2) Individually update each item directly in the DB individually (separate queries)

for(item <- order){
   MongoDataBaseConnector.manufacturers.findOneAndUpdate(
    and(
      equal("_id", manufacturer._id),
      equal("items._id", item._id)
    ),
    dec("tours.$.items.$.item.$.inventory")
  )
}

I am curios to which of these approaches are better in theory.
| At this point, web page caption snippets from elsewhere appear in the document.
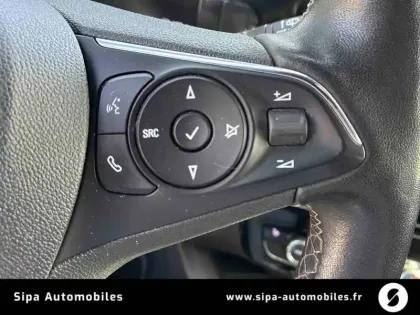 Photo 23 Opel Mokka  Electrique 136 ch & Batterie 50 kWh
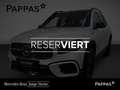 Mercedes-Benz GLB 220 d 4MATIC PTS Distr Navi Pano AUT Wide Weiß - thumbnail 1
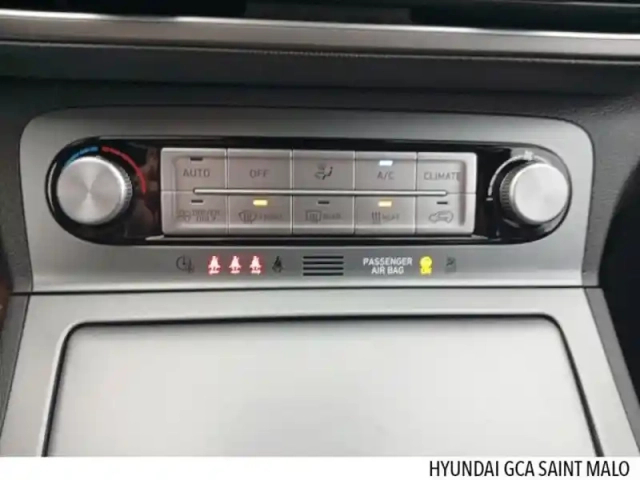 Hyundai Kona electric 39kwh - 136ch intuitive — photo 11
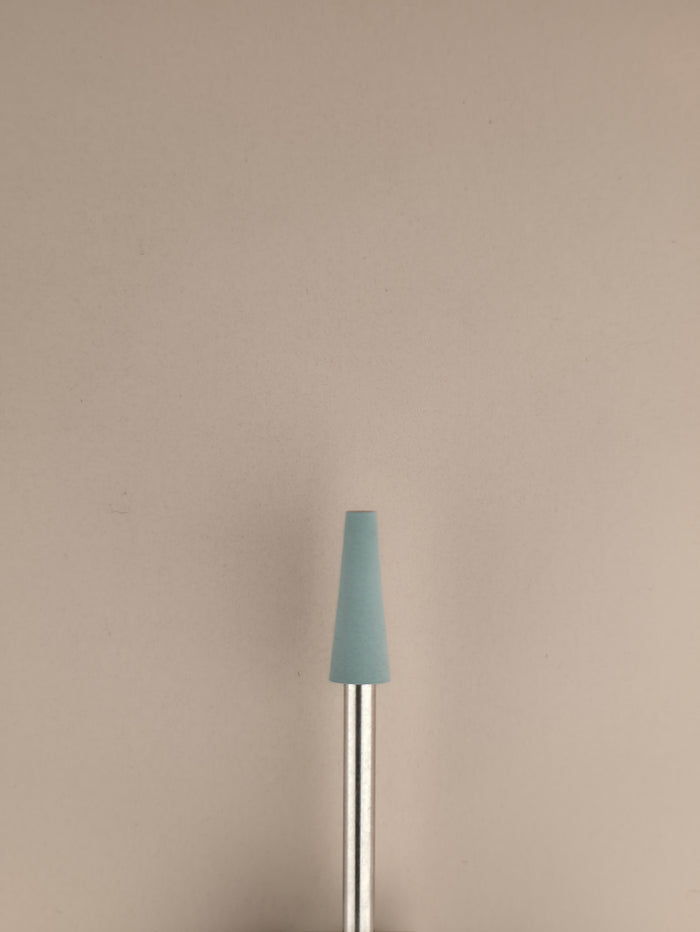 Aloha Small Silicone Polisher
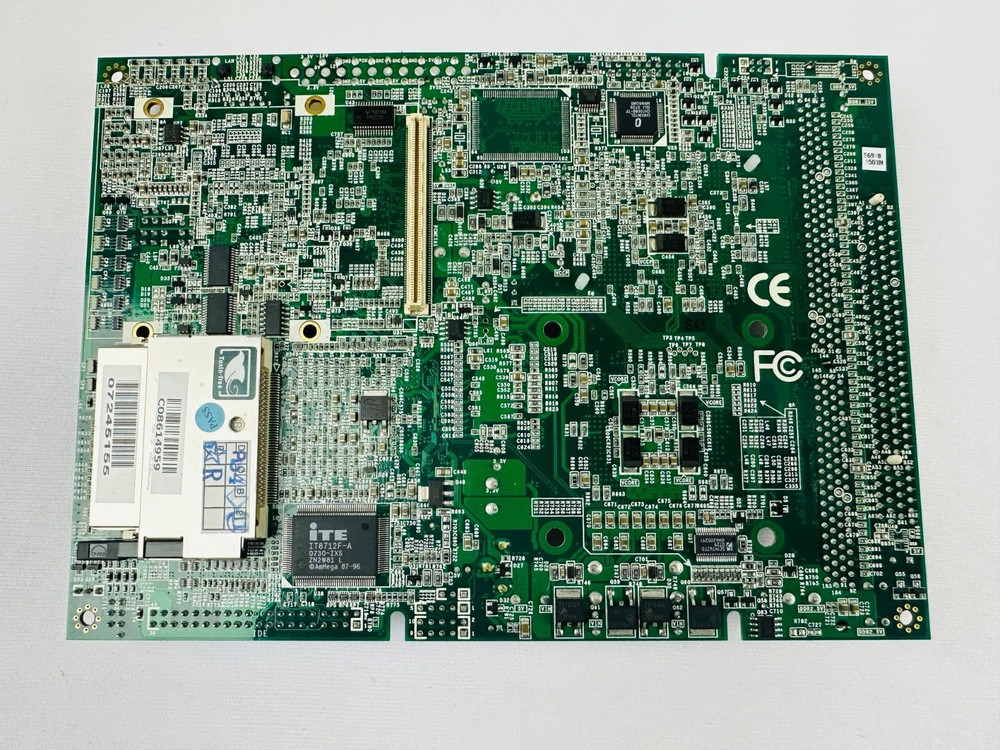 Aaeon PCM-8150 1907815007 CPU Board
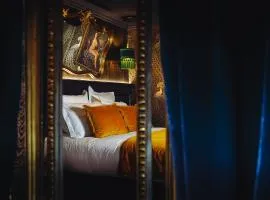 Madame C - Hôtel très particulier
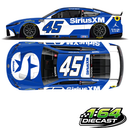 *Preorder* Tyler Reddick 2026 SiriusXM 1:64 Nascar Diecast
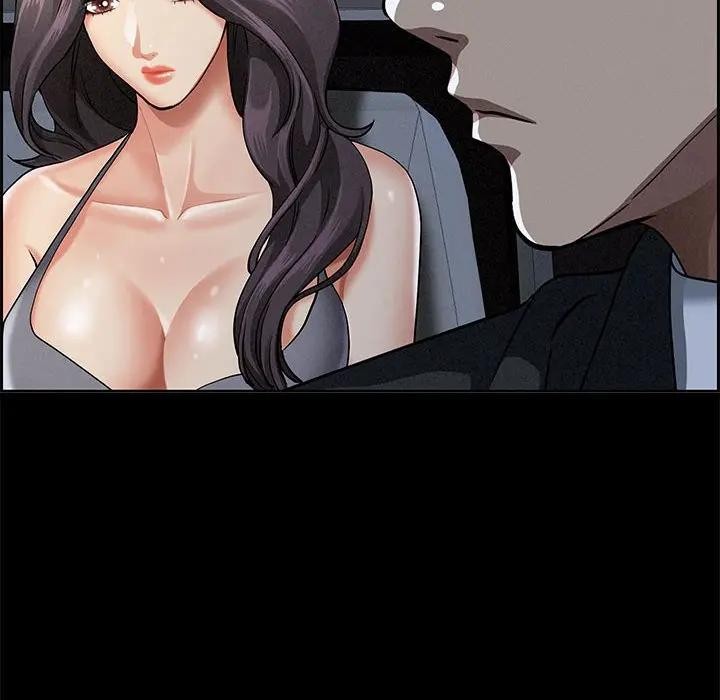 貴婦的專屬保鑣第5話 第102頁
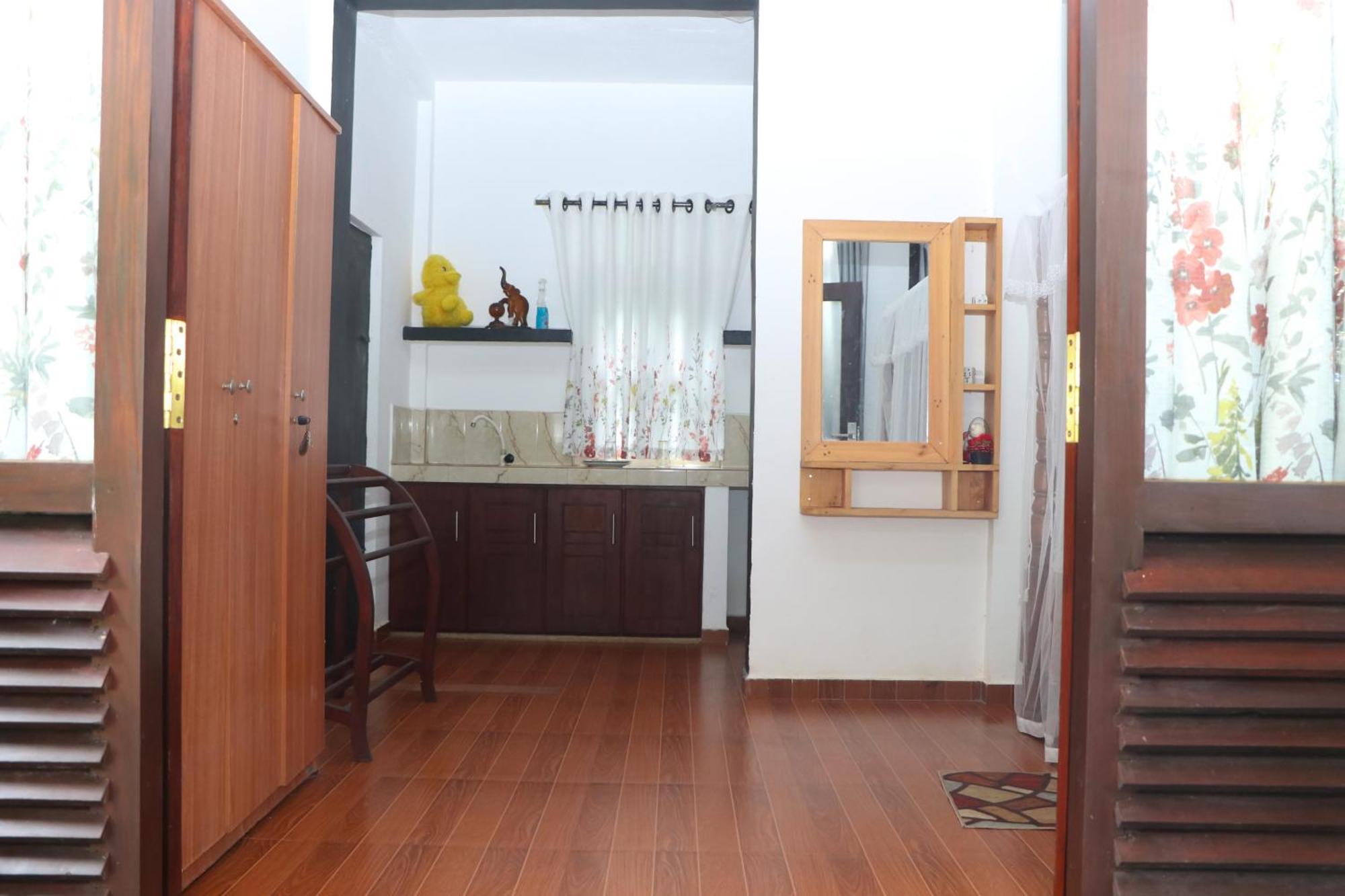 Villa A & A Hikkaduwa Ngoại thất bức ảnh
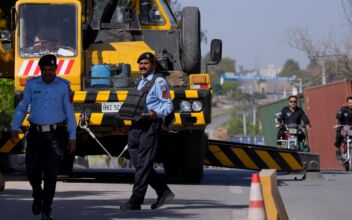 Pakistan Deploys Troops to Halt Unrest After Former Prime Minister Khan Is Ordered Held on New Charges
Here are the downsides to both I can think of

1) The list of items can be significantly larger (up to the allowed document size) compared to the number of items in the order (i.e. 10000 items in total, 1 item in order, we would basically re-write 10000 items for the sake of updating one, unless Mongo has some internal optimization for cases like this

2) Well in this case, the opposite, if the |order| ~= |items|than we end up making way too many queries to the DB with the equal amount of writes as approach #1.

Is there an absolute better ?

Best Answer

Both of the described approaches are very suboptimal in theory. My strong recommendation would be to design a more efficient schema to suit your data access & update patterns.

For example, order items could be referenced in a separate collection rather than being embedded in an array. If you are currently using a single order document to ensure atomic updates, you could instead use multi-document transactions (in MongoDB 4.0 and newer) to ensure atomic updates across collections.

Large arrays are a performance anti-pattern (particularly if indexed). Large documents will add I/O overhead: irrespective of what you are sending over the network from your application, the MongoDB server has to load a version of the full document into memory to apply changes. In modern versions of MongoDB (3.2+) the default storage engine, WiredTiger, uses Multiversion concurrency control (MVCC) to enable document-level concurrency. Sending hundreds or thousands of consecutive updates for a single document is going to add unnecessary cache pressure and contention.

To compare performance outcomes you'll have to test with representative data and deployment resources. It is not clear which of your scenarios is more likely or how many individual updates would be required, but if you have to choose the lesser of two evils I expect a single update will be more efficient. You could perhaps improve on the second scenario by sending a single update with individual fields set, but this may not be straightforward with your current schema (and will not address the implicit server I/O inefficiency).

For some schema design considerations, the three part blog series 6 Rules of Thumb for MongoDB Schema Design might be a helpful read for One-to-N Relationship modelling. The Data Models section of the MongoDB documentation also includes some concepts and example patterns.